▶ **ACTIVITY**
Taking the entries below, transcribe only the lines starting with the one with "2019 McLaren 600LT" and going on through the one with "2-комнатная квартира, этаж 12 из 17, 68 м²", exactly as written, without the pictures.

▶ **MATERIAL SUPPLIED**
*** Block opens ***
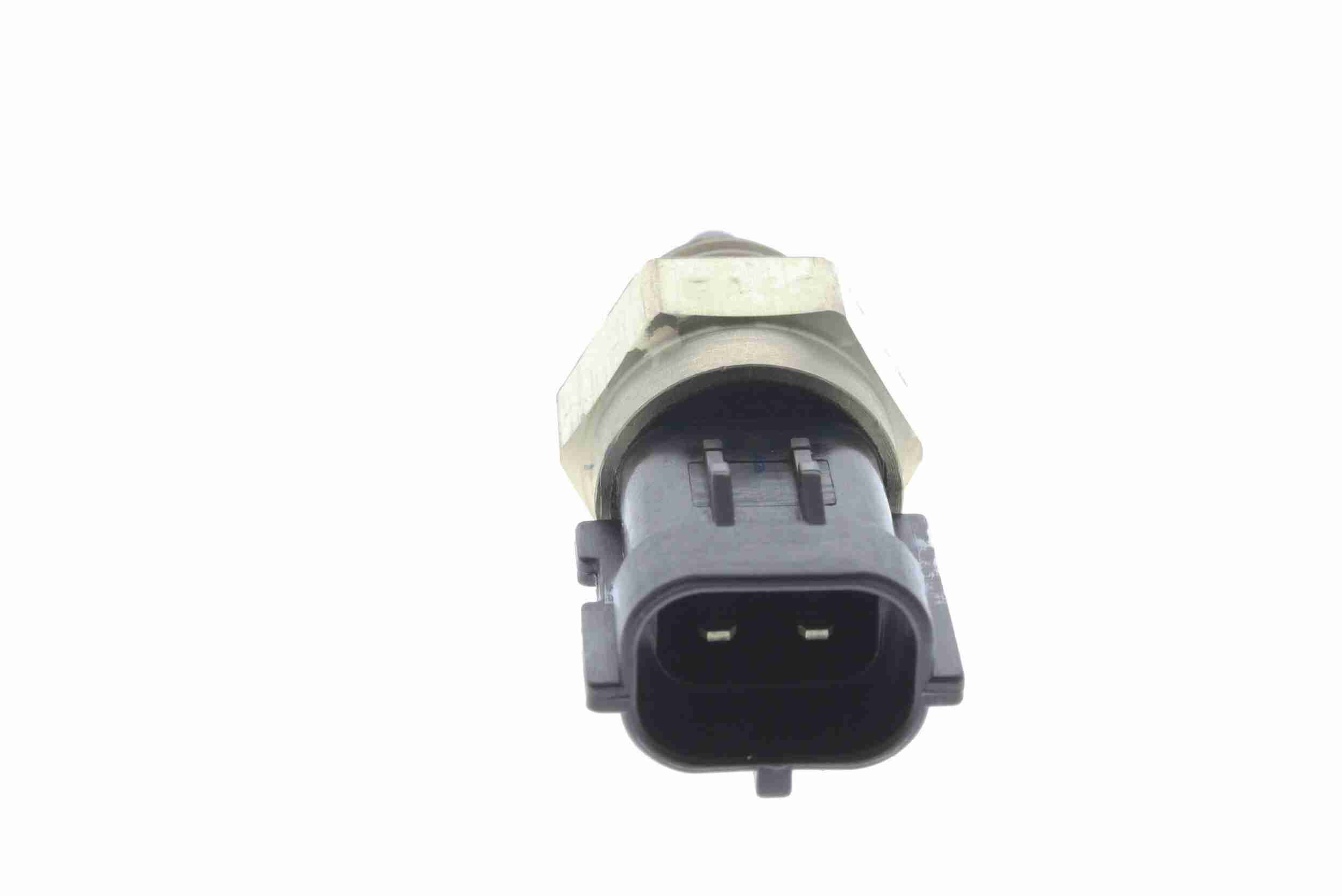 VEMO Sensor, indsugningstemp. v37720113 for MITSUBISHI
*** Block closes ***
*** Block opens ***
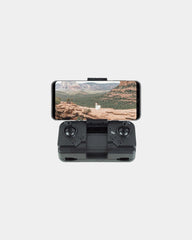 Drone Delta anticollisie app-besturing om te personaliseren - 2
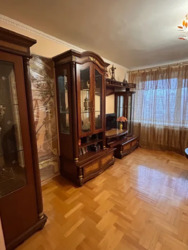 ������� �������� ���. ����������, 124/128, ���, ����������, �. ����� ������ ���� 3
*** Block closes ***
*** Block opens ***
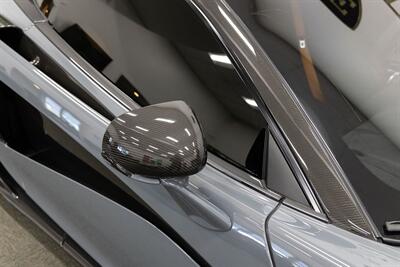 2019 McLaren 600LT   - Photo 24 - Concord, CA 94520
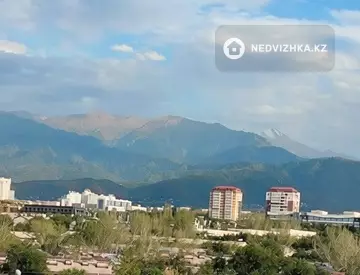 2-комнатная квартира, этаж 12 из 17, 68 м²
*** Block closes ***
▶ **RESPONSE AREA**
 2019 McLaren 600LT   - Photo 24 - Concord, CA 94520
 2-комнатная квартира, этаж 12 из 17, 68 м²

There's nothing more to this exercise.